The required result is every line of the records that includes "with".

Segment Open

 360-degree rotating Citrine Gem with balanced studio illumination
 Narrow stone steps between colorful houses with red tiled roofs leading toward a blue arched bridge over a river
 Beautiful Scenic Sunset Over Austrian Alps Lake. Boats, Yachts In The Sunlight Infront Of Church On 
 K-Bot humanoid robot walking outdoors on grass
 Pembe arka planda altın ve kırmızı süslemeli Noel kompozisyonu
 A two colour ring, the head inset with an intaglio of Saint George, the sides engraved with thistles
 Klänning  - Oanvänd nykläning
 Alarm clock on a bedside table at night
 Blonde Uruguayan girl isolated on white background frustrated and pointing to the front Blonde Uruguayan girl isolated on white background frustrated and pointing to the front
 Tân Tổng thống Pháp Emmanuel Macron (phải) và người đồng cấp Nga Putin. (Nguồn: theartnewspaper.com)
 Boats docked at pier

Segment Closed

Expected output:
 360-degree rotating Citrine Gem with balanced studio illumination
 Narrow stone steps between colorful houses with red tiled roofs leading toward a blue arched bridge over a river
 A two colour ring, the head inset with an intaglio of Saint George, the sides engraved with thistles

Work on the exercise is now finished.